[Short web captions]
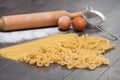 Various types or raw Italian pasta on the wooden rustic background and ingredients for pasta. Royalty Free Stock Photo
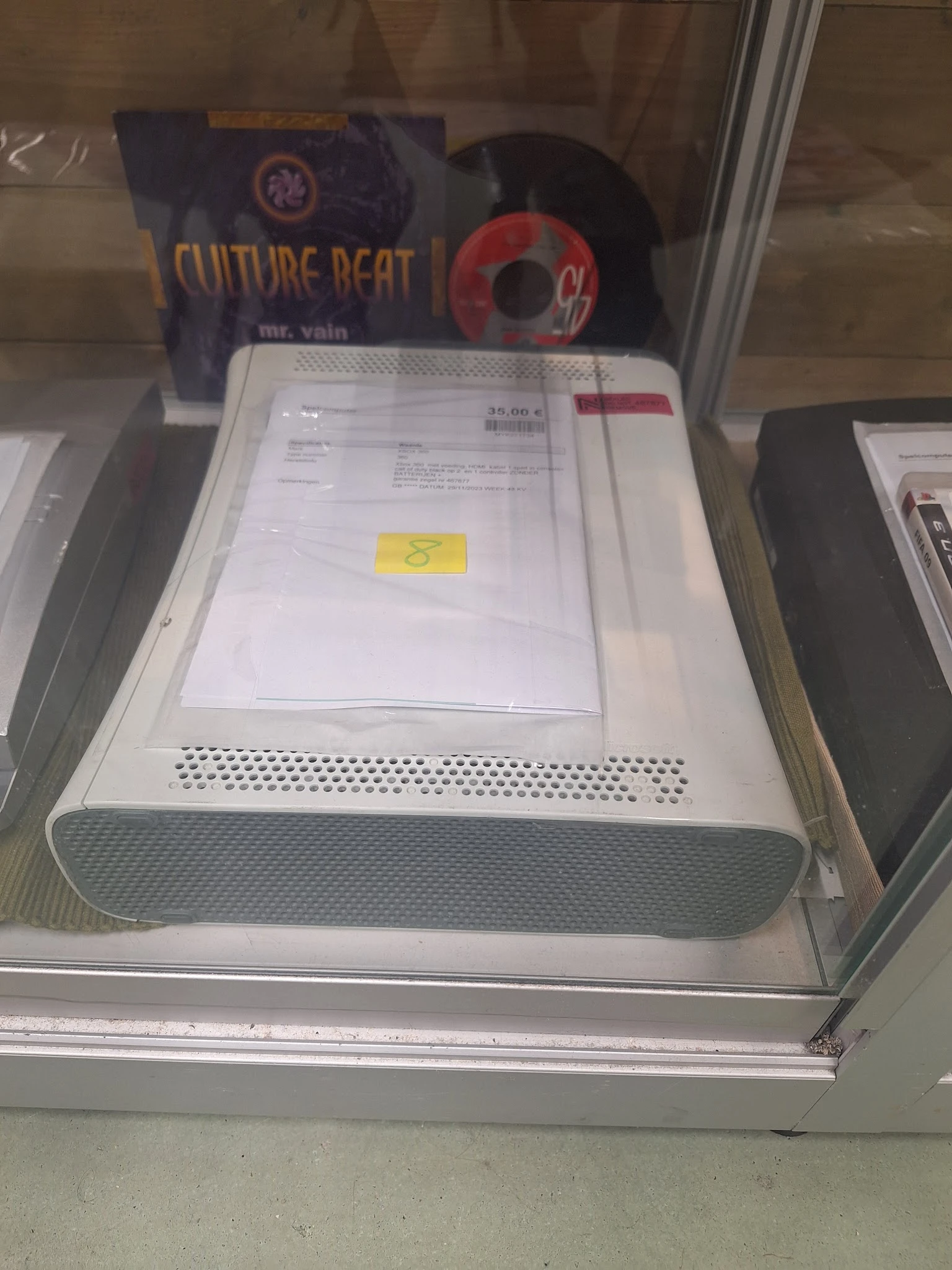 Witte apparaat met ventilatierooster en documenten op het deksel in een kunststof verpakking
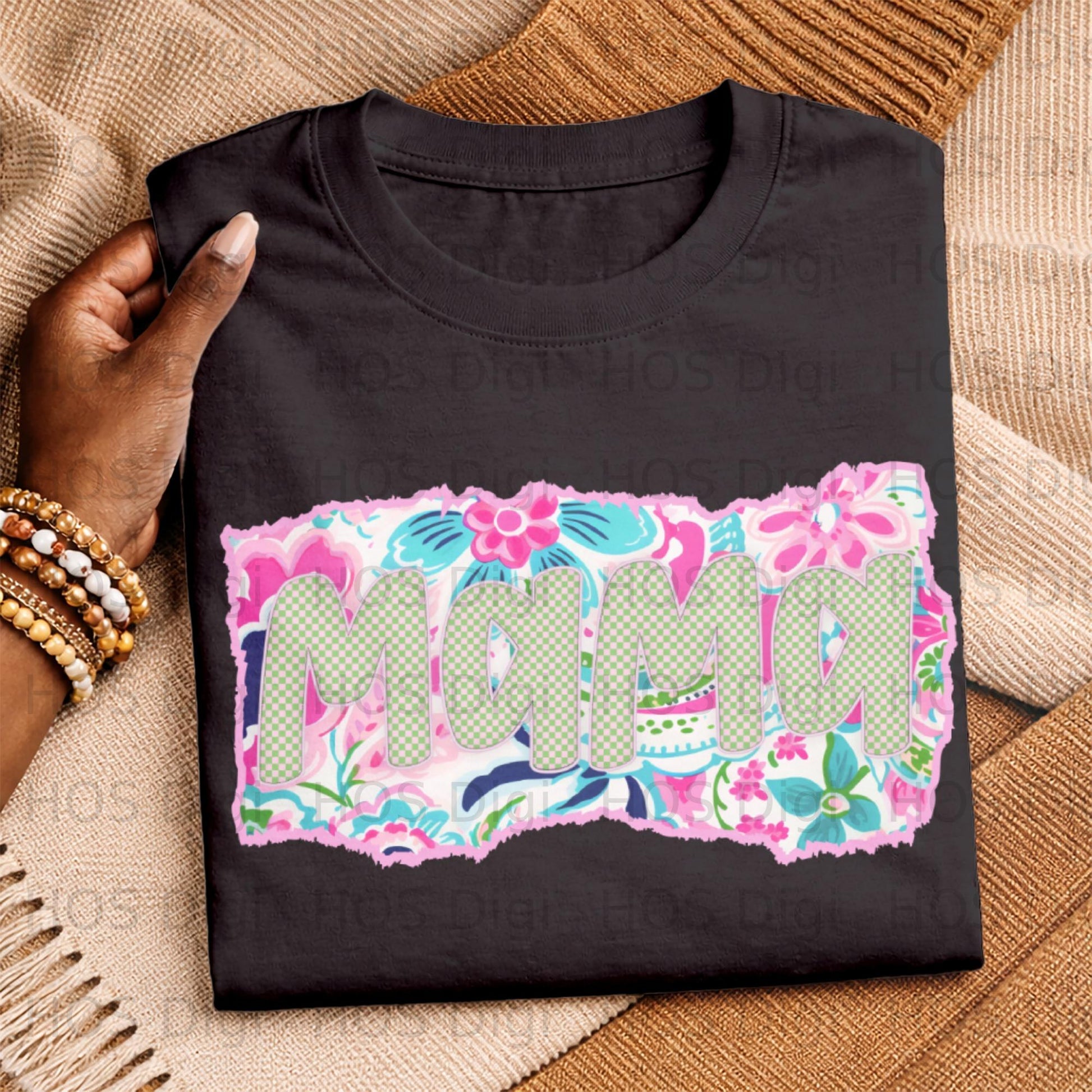 Black t-shirt with "Mama" text in a floral and checkered pattern.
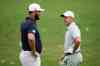 FILE - Jon Rahm, left, of Spain, talks with Rory McIlroy, of Northern Ireland, on the practice range during a practice round in preparation for the Masters golf tournament at Augusta National Golf Club Tuesday, April 9, 2024, in Augusta, Ga. (AP Photo/Charlie Riedel, File)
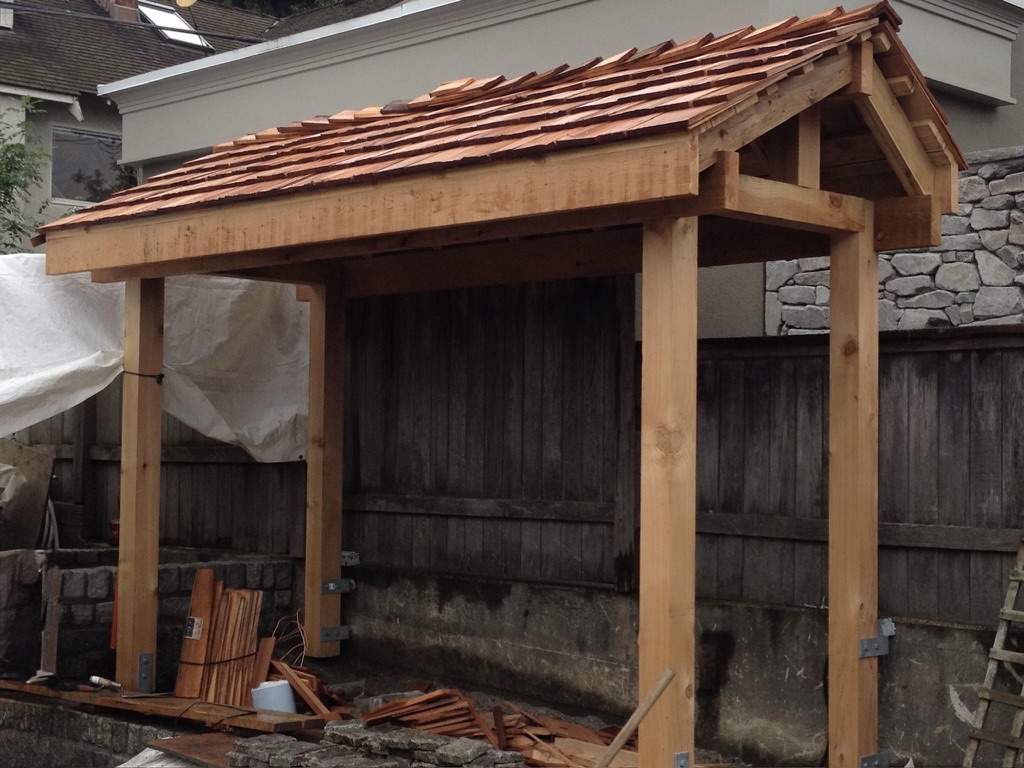 Cedar-shingled outdoor shelter with timber posts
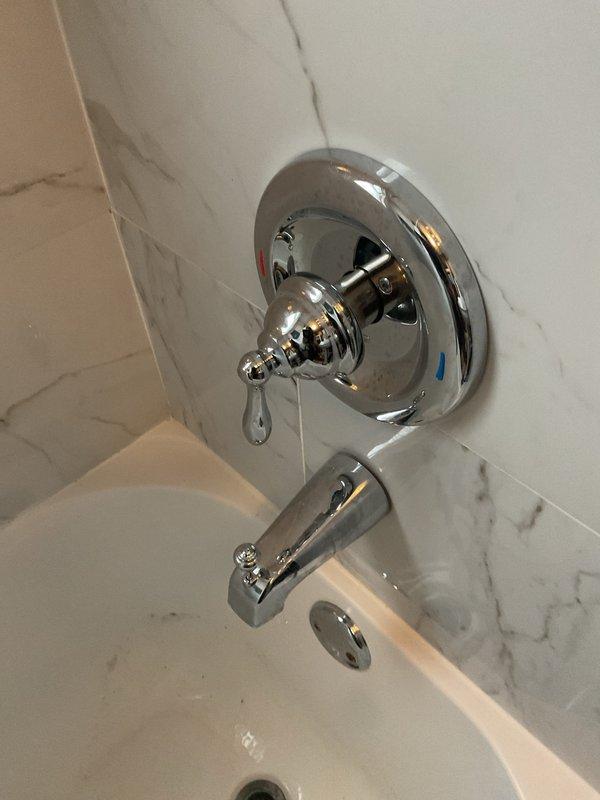 Responded to service call for dripping bathroom faucet. Disassembled single-handle tub/shower valve assembly and removed worn cartridge from chrome fixture mounted on marble-patterned tile wall. Replaced faulty cartridge, internal springs, and seals to eliminate leak. Reassembled valve assembly, tested operation for proper flow control and verified complete elimination of drip. System restored to full functionality.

> **Work to complete**
Return only the lines from the one containing "Cedar-shingled outdoor shelter" through the last line of the entries above, exactly as written and without pictures.

> **Final answer**
 Cedar-shingled outdoor shelter with timber posts
 Responded to service call for dripping bathroom faucet. Disassembled single-handle tub/shower valve assembly and removed worn cartridge from chrome fixture mounted on marble-patterned tile wall. Replaced faulty cartridge, internal springs, and seals to eliminate leak. Reassembled valve assembly, tested operation for proper flow control and verified complete elimination of drip. System restored to full functionality.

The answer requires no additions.